Provided material:
---*---

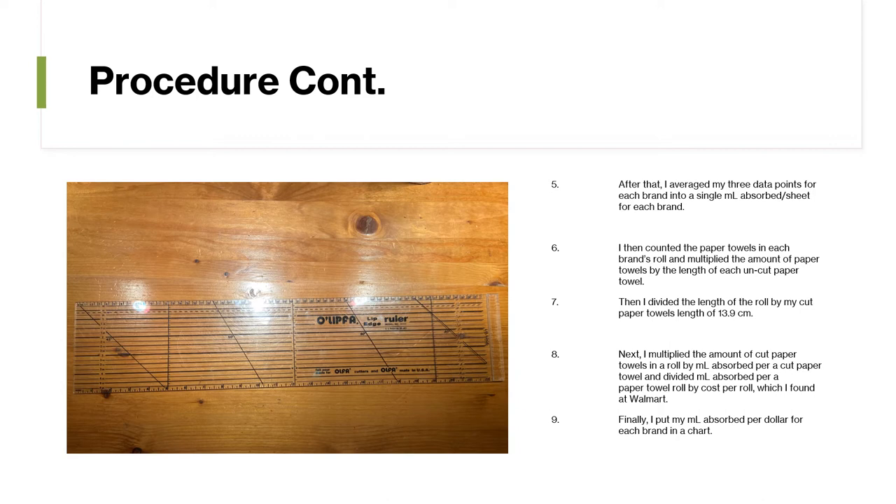Next, I multiplied my amount of cut paper towels in the roll by the milliliters absorbed per cut paper towel, which I got from my experiment, and divided the milliliters absorbed per paper towel roll by the cost per roll, which I found at Walmart. Finally, I put my milliliters absorbed per dollar for each brand in a chart.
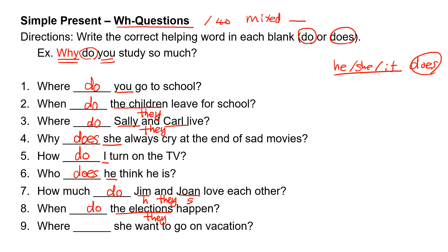Number nine: where, blank, she want to go on vacation? 'She' takes 'does.' Where does she want to go on vacation?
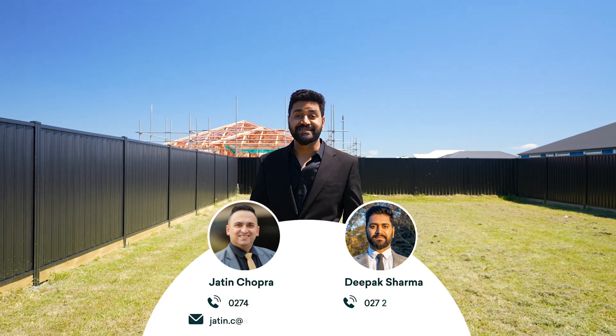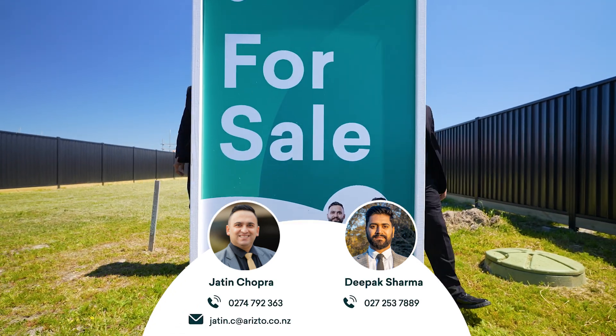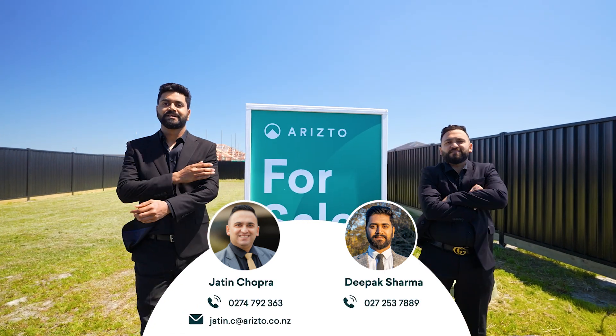We don't even charge the buyers. Buying or selling, contact Team JD — making dreams into reality.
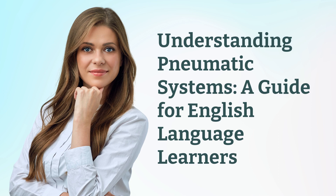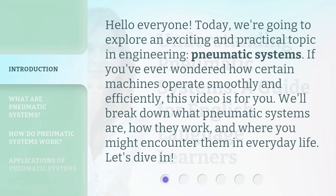Understanding Pneumatic Systems: a guide for English language learners. Hello everyone. Today, we're going to explore an exciting and practical topic in engineering: pneumatic systems. If you've ever wondered how certain machines operate smoothly and efficiently, this video is for you. We'll break down what pneumatic systems are, how they work, and where you might encounter them in everyday life. Let's dive in.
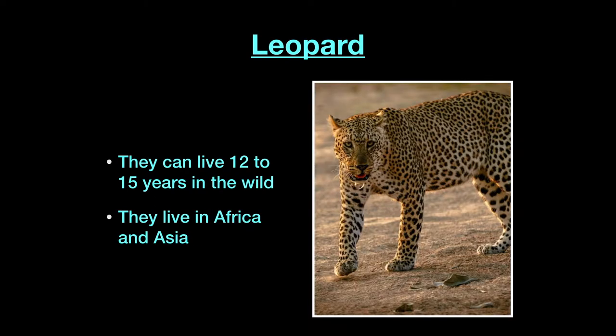Leopards can live 12 to 15 years, about the same as the jaguar, and they live in Africa and Asia. So like I said, look where you are in the zoo and what animals are around you — these will probably be grouped with elephants, zebras, gazelles, and other African animals.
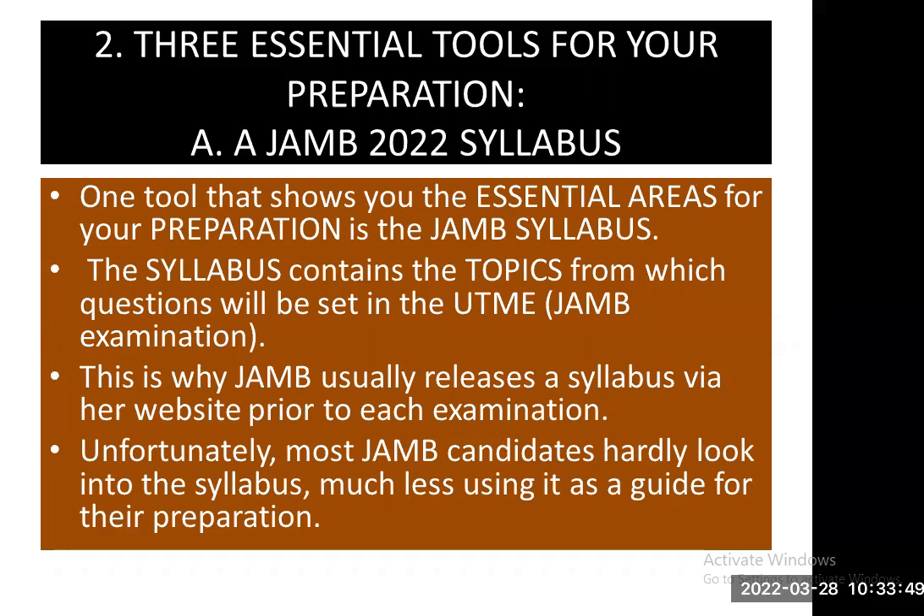Number two: three essential tools for your preparation. A — a JAMB 2022 syllabus. This is very important. One tool that shows you the essential areas for your preparation is the JAMB syllabus. The syllabus contains the topics from which questions will be set in the UTME, that is the JAMB examination. This is why JAMB usually releases the syllabus via their website prior to each examination.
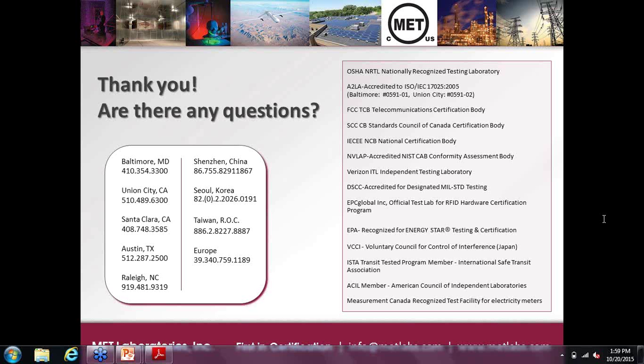The only other question was whether you can download the presentation — you can, and Sarah will let you know more details about that. Tomorrow, an archived copy of the webinar will be available on metlabs.com, and a follow-up email will be sent with a link. If you have any additional unanswered questions, feel free to contact us via phone or email. That concludes our webinar — thank you so much for joining us today.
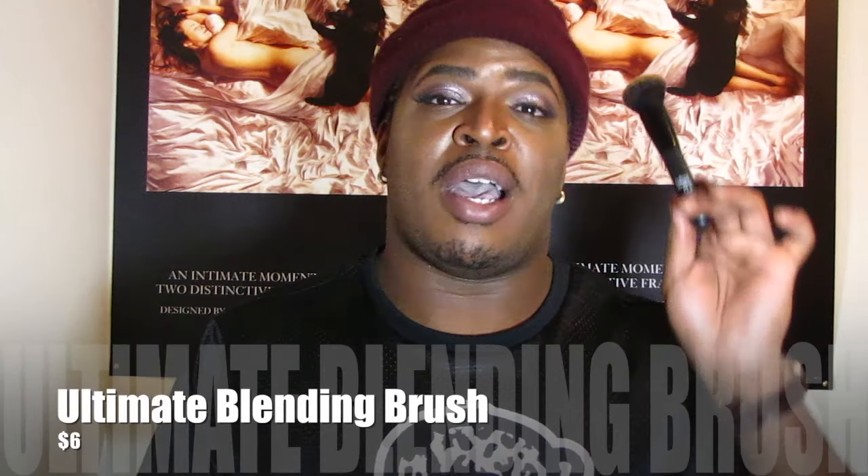ELF also released a couple of other new brushes, including this one — the Ultimate Blending Brush. This is amazing if you love the Sephora number 45 brush but don't want to spend $24 for the large size or $14 for the small size. It's also a good dupe for the Marc Jacobs Face 3 brush, and it's only six bucks. It's dense enough to pack on product but not flimsy, so it won't leave streaks — it literally buffs in like butter.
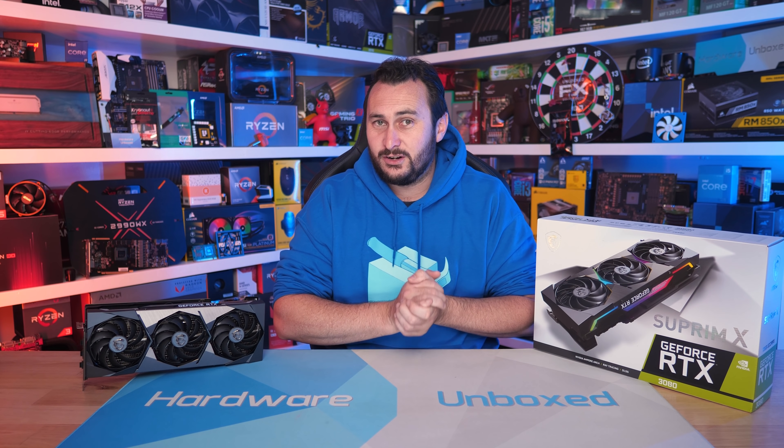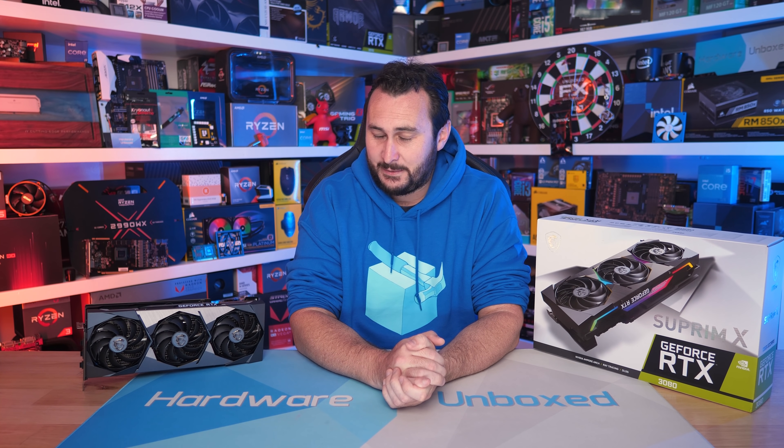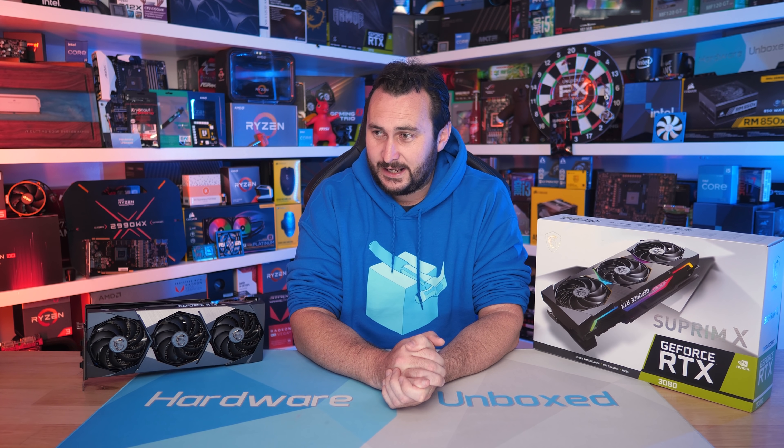Welcome back to Harbour Unboxed. You guys are not going to believe this. Something completely unexpected has happened. NVIDIA — and I can't believe I'm about to say this — NVIDIA's being dodgy.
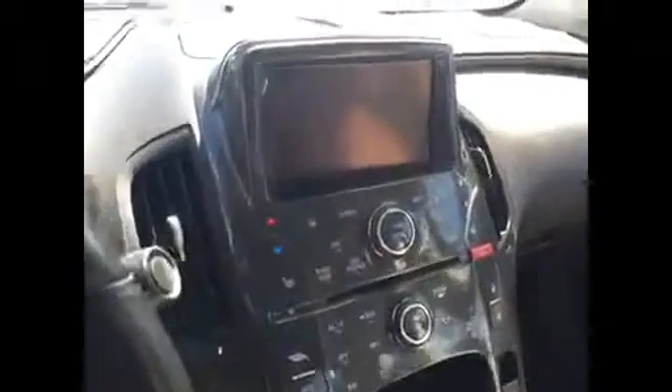Power windows, locks, mirrors — it's got all the stuff you want. It's got the Bluetooth, all the controls right on the steering wheel, the big touchscreen. Navigation, DVD — you name it.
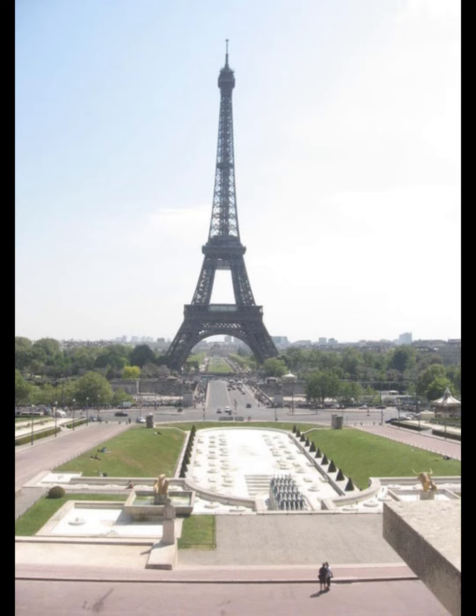The Eiffel Tower is a wrought iron lattice tower on the Champ de Mars in Paris, France. It is named after the engineer Gustave Eiffel, whose company designed and built the tower from 1887 to 1889.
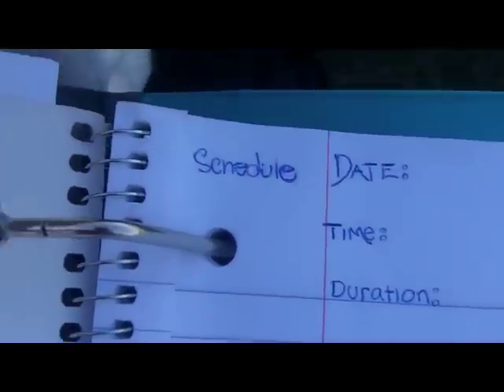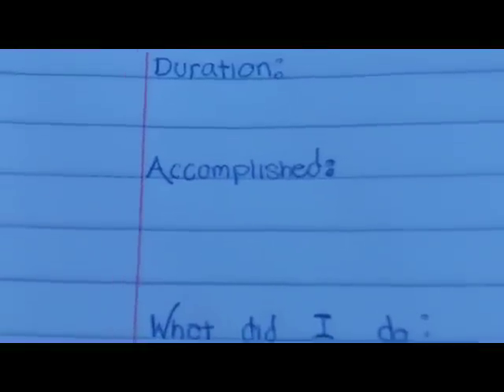Another thing I want to show you is a journal — I'm going to start a golf journal. It's a regular Staples spiral notebook. I didn't make this up myself; I heard of Olympic athletes using journals for their training days. What you want in this journal: the date, what time it is, the duration of your practice, location, whether it's training or competition, and hours trained.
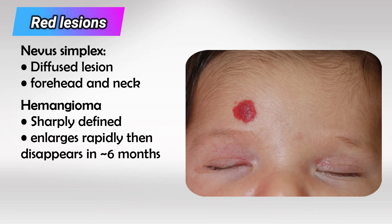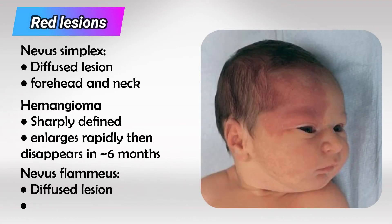Hemangiomas usually increase in size and then decrease. Beta blockers can be used in some cases to help the regression. On the other hand, if the lesion is more diffuse, involving half of the face without crossing to the other side — only on one side of the face — this is likely nevus flammeus.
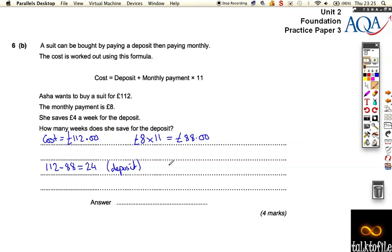If she saves 4 pounds a week, you just have to do 24 divided by 4 pounds per week, and that equals 6 weeks. So she's got to save up for 6 weeks in order to get the deposit together. The answer is 6. A couple of easy calculations, some word problems, worth a total of 8 marks. Go back over it and check you understand how I did those calculations.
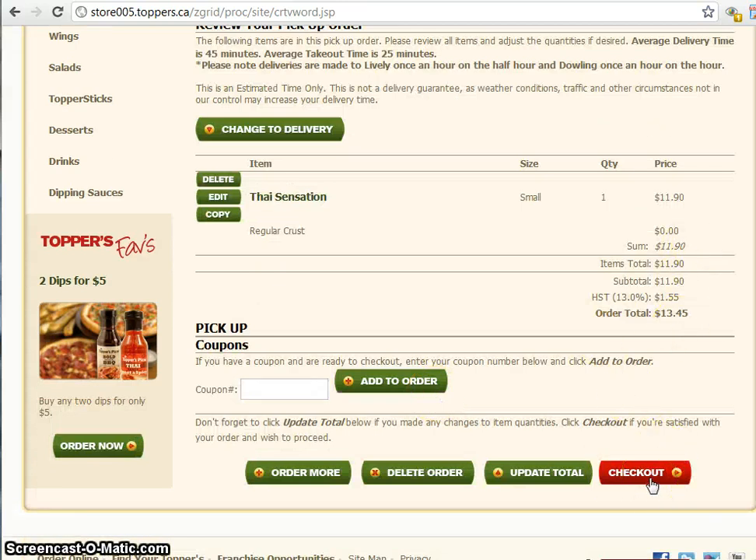Click checkout. It's really important to know that even when you put your credit card number in, there's no transaction happening online. Your credit card isn't charged until the delivery person shows up — they need to see the physical card to protect you as the card holder. Or when you go into the store and pick up the pizza, then you're paying for it.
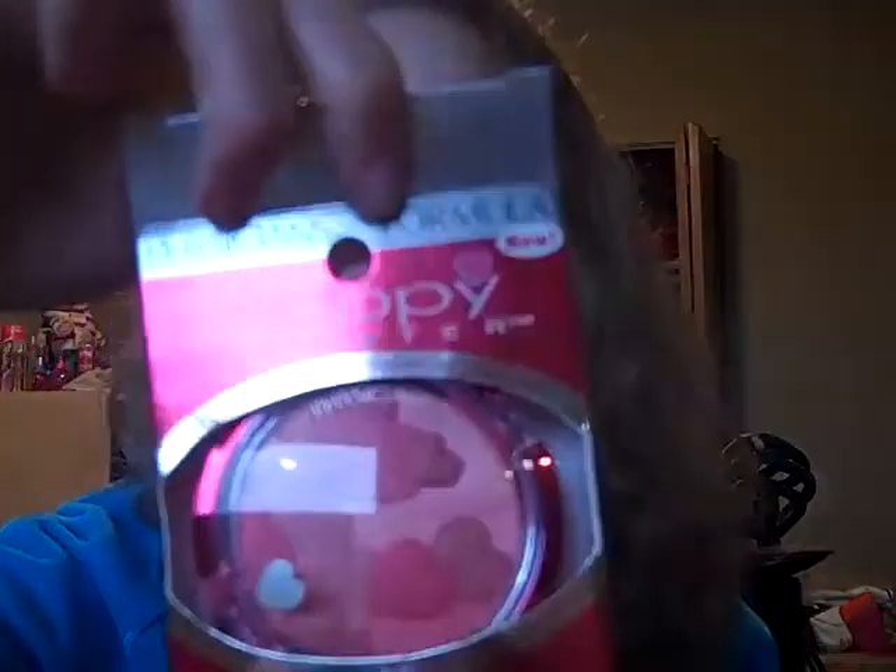Sorry I couldn't get the camera stable. Hey everyone, so I'm going to do a review on the Physicians Formula Happy Booster Blush. It comes in this packaging right here - I'll stick it back on so you can see exactly how it comes. On the back it says 'Happy Booster Glow and Mood Boosting Blush' and 'Radiant Blushing Glow.'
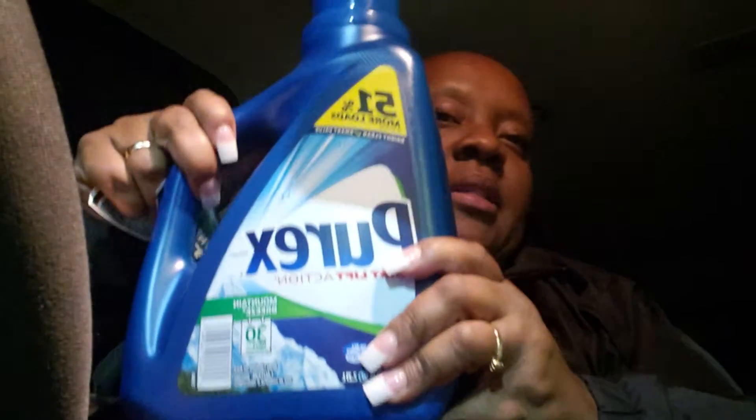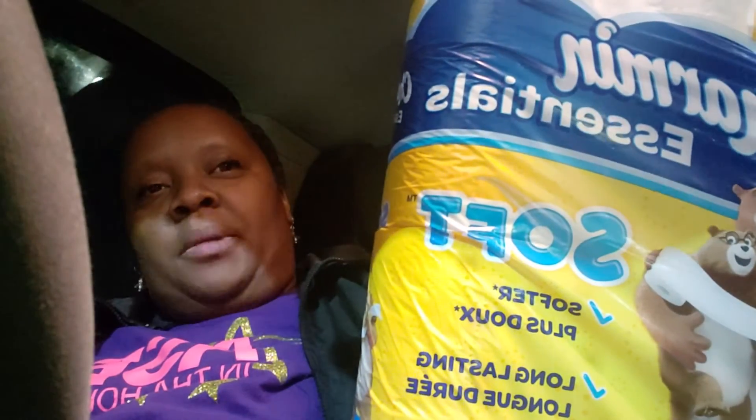And I got one Purex 75 ounce, one 40 ounce Gain, and one Charmin. Yes, I'm still on the Charmin — still getting that Charmin in, okay?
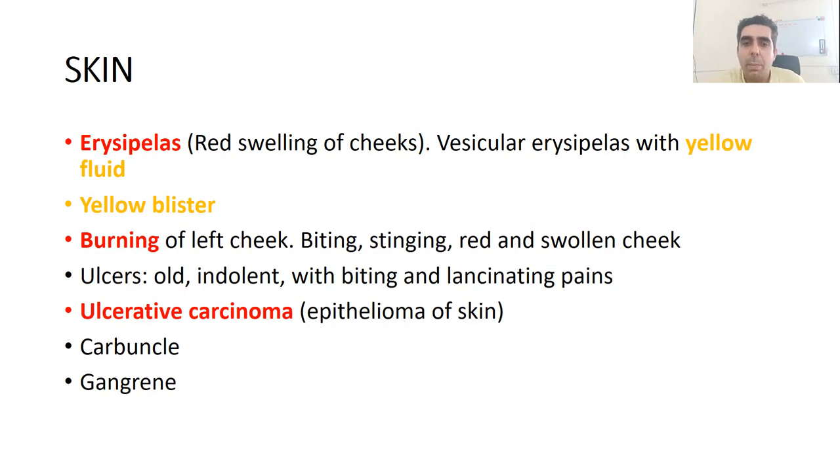Erysipelas causes inflammation of the skin leading to redness, along with vesicular eruptions with yellow fluid. There could be blisters which are yellow in color containing yellow fluid. It causes burning of the cheek, mainly the left cheek, with biting, stinging, and redness. It is also a good remedy for ulcers which are old, indolent, and non-healing, with biting and lancinating pains — good for ulcerative carcinoma such as epithelioma of the skin.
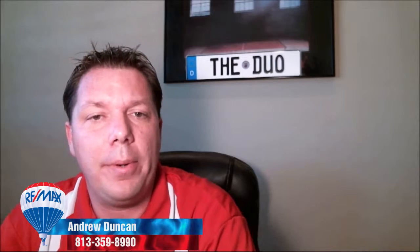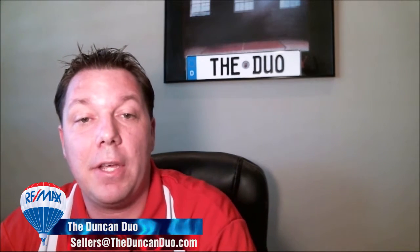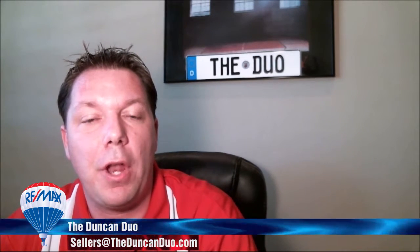Thank you so much for checking out our real estate video blog at TampaRealEstateVideos.com. I'm Andrew Duncan with the Duncan Duo REMAX, owner of one of the fastest growing privately owned companies in America, ranked by Inc. 5000, and the number one REMAX agents in the state of Florida. Don't forget to check out our real estate radio show Sundays at 10 on 970 WFLM.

---*---

About this task: Could you please write out exactly the lines from the start of the entries above through the line that holds "We don't even", both included, with no pictures?

Solution to this exercise:
Next, I multiplied my amount of cut paper towels in the roll by the milliliters absorbed per cut paper towel, which I got from my experiment, and divided the milliliters absorbed per paper towel roll by the cost per roll, which I found at Walmart. Finally, I put my milliliters absorbed per dollar for each brand in a chart.
Number nine: where, blank, she want to go on vacation? 'She' takes 'does.' Where does she want to go on vacation?
We don't even charge the buyers. Buying or selling, contact Team JD — making dreams into reality.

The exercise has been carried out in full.